En la visión hacia atrás predomina un sentimiento de déjà vu, una sensación de que lo vivido en los últimos doce meses no se diferencia mayormente de lo que sucedió en los doce anteriores, ni en los anteriores a esos y así hasta por lo menos ocho años atrás. Ocho años, porque los diez anteriores a esos tuvieron características muy diferentes. Dicho de otra manera, desde que terminó el periodo de la revolución ciudadana parece que hemos caminado en el mismo terreno, sin definir un rumbo claro y, sobre todo, sin una idea fuerza que lleve al país hacia una meta alternativa. El mejor indicador de esto es la omnipresencia del correísmo-anticorreísmo como elemento estructurador de la contienda política. Esto quiere decir que ese clivaje no ha sido superado y que aún no se ha construido un modelo de sociedad y de país alternativo.
Si se profundiza en cada uno de los aspectos fundamentales de la vida colectiva se encuentran intentos aislados y parciales que son insuficientes para pasar la página y establecer una situación radicalmente diferente.

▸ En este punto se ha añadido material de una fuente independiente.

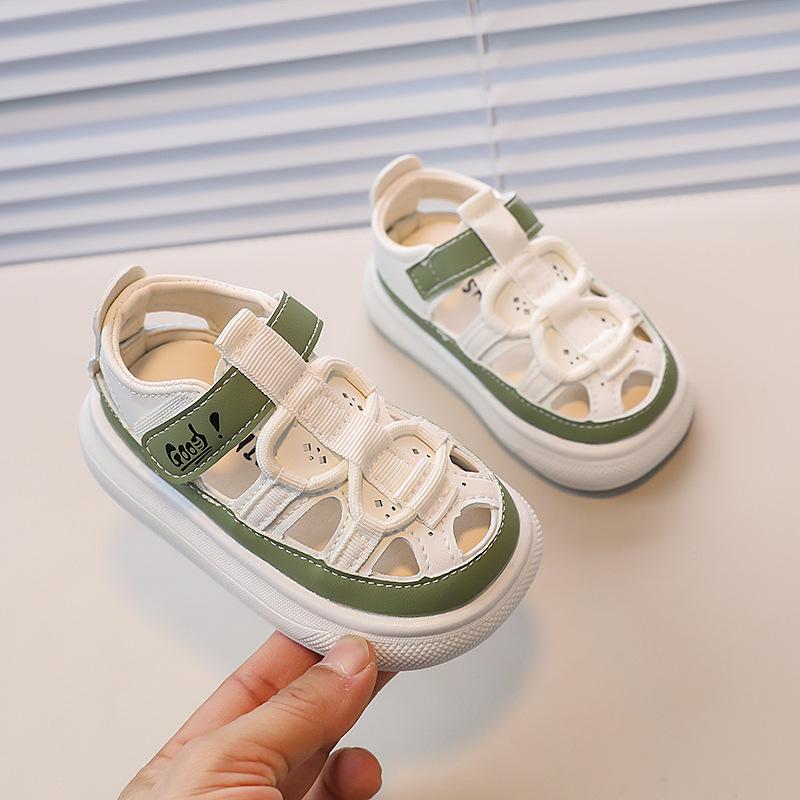 New Summer Children s Sandals Korean Style Boys Hollow Out Sneakers1-6Trendy casual shoes and beach shoes for 1-year-old children 22-26Take a photo with on зелений
New Summer Children s Sandals Korean Style Boys Hollow Out Sneakers1-6Trendy casual shoes and beach shoes for 1-year-old children 22-26Take a photo with on зелений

En lo económico, a lo largo de estos ocho años se han dado pasos temerosos atendiendo un asunto por aquí y otro por allá, sin la coherencia que proviene de un plan integral. En lo social no solo se advierte la ausencia de políticas de mediano y largo alcance, sino claros retrocesos que se manifiestan en indicadores dramáticos. En lo político, además de mantener el fantasma del correísmo, continuamos fomentando el rechazo a los partidos, condenando a todo lo que suene a institucionalización de las divergencias y alimentando la esperanza en el caudillo iluminado que venga a poner orden. Mientras tanto, la inseguridad y el crimen organizado se reproducen en terreno fértil y tampoco ahí hay una estrategia integral.
Si esa ha sido la realidad de los últimos años, resulta difícil tener una mirada optimista hacia el futuro. Los actores centrales no ofrecen señales de cambio en sus conductas y en sus orientaciones. Si, como considera la mayoría de la población, según las encuestas, los políticos han fracasado (si es que alguna vez lo han intentado), entonces la responsabilidad pasa a la sociedad, con sus élites y sus bases ciudadanas. Pero tampoco en ese amplio campo se encuentran iniciativas que puedan alimentar mínimamente al optimismo. Las organizaciones de base de los sectores populares están debilitadas y en su mayoría se mantienen encerradas en las ideologías y consignas del siglo pasado. Por su parte, las organizaciones empresariales, posiblemente temerosas de afectar con su accionar a los avances que han tenido algunos sectores privados, han preferido abandonar el espacio público y restringirse cada vez más al lobby o directamente mantener silencio.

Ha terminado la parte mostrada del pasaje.